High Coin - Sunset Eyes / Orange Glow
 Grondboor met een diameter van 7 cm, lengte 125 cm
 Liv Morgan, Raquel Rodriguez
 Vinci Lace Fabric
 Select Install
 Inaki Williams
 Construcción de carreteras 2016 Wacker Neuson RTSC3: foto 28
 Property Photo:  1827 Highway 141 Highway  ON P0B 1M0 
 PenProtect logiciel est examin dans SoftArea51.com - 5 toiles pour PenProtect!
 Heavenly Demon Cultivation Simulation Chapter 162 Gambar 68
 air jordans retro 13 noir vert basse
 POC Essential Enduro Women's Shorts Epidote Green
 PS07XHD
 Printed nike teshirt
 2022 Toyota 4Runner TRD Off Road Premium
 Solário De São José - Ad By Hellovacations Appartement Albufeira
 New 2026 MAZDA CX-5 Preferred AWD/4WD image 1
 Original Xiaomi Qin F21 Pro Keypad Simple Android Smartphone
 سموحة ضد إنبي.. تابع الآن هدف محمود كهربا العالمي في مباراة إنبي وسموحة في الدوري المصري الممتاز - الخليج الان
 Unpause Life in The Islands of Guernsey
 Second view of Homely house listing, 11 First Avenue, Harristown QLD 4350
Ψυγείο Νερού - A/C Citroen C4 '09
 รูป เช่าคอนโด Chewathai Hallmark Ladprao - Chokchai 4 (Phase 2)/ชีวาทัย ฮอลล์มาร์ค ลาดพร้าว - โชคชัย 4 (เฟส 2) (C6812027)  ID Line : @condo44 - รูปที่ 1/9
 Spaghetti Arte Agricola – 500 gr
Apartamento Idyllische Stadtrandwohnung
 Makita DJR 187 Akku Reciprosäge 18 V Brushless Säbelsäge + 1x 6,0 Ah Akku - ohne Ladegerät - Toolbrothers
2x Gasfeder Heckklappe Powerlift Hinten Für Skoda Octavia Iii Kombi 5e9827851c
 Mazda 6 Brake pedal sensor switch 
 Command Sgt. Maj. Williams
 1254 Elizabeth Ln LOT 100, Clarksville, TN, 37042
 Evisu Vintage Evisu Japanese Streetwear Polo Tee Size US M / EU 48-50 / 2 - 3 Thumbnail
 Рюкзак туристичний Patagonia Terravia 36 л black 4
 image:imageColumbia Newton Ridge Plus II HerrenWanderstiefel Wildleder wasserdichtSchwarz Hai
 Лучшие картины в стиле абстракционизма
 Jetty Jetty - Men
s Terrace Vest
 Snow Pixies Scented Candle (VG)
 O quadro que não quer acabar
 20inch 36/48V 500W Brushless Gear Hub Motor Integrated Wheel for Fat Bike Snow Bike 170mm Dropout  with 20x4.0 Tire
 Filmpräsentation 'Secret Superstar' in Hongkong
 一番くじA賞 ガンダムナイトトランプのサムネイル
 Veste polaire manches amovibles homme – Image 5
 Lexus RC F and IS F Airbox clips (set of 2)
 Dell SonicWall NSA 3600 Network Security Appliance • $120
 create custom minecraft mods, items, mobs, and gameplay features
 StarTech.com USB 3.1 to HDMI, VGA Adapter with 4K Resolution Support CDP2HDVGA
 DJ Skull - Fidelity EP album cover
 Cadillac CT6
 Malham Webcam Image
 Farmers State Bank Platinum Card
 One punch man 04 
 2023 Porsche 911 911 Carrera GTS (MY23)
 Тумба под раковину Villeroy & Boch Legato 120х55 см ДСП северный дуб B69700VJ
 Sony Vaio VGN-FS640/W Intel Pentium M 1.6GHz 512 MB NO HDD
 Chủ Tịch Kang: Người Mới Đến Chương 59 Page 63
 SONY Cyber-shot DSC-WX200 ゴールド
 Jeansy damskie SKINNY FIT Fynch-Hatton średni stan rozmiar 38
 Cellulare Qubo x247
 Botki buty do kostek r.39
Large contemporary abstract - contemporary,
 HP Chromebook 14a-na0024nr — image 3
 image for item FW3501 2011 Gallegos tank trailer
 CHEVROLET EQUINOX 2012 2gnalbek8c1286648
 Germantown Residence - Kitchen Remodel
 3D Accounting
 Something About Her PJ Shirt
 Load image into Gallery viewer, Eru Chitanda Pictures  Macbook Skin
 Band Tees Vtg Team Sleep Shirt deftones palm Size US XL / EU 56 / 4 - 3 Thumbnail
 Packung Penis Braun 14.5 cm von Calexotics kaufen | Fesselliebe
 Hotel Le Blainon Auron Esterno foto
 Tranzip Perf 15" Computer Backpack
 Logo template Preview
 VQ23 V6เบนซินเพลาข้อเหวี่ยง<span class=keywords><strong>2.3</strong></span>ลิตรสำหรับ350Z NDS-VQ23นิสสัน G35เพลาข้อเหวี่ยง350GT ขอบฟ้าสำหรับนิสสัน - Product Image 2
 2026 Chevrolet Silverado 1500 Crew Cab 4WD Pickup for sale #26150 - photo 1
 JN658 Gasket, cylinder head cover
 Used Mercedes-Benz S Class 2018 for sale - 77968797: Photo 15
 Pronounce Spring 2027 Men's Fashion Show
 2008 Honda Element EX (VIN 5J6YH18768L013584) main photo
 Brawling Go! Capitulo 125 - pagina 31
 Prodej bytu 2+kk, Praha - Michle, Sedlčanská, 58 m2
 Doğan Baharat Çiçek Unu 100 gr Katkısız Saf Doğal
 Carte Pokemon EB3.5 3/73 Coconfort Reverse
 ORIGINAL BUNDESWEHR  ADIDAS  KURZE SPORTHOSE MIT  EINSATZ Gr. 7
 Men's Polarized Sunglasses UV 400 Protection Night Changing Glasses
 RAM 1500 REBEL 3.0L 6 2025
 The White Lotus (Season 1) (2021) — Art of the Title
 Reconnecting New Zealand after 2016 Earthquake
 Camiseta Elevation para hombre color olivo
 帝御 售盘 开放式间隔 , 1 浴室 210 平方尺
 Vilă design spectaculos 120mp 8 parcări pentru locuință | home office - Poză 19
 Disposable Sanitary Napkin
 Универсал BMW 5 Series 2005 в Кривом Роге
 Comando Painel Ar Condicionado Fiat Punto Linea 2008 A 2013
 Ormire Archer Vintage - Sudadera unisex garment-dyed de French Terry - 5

> [ASSIGNMENT]:
For each line of the entries that contains the word "Thumbnail", make a copy.

> [RESULT]:
 Evisu Vintage Evisu Japanese Streetwear Polo Tee Size US M / EU 48-50 / 2 - 3 Thumbnail
 Band Tees Vtg Team Sleep Shirt deftones palm Size US XL / EU 56 / 4 - 3 Thumbnail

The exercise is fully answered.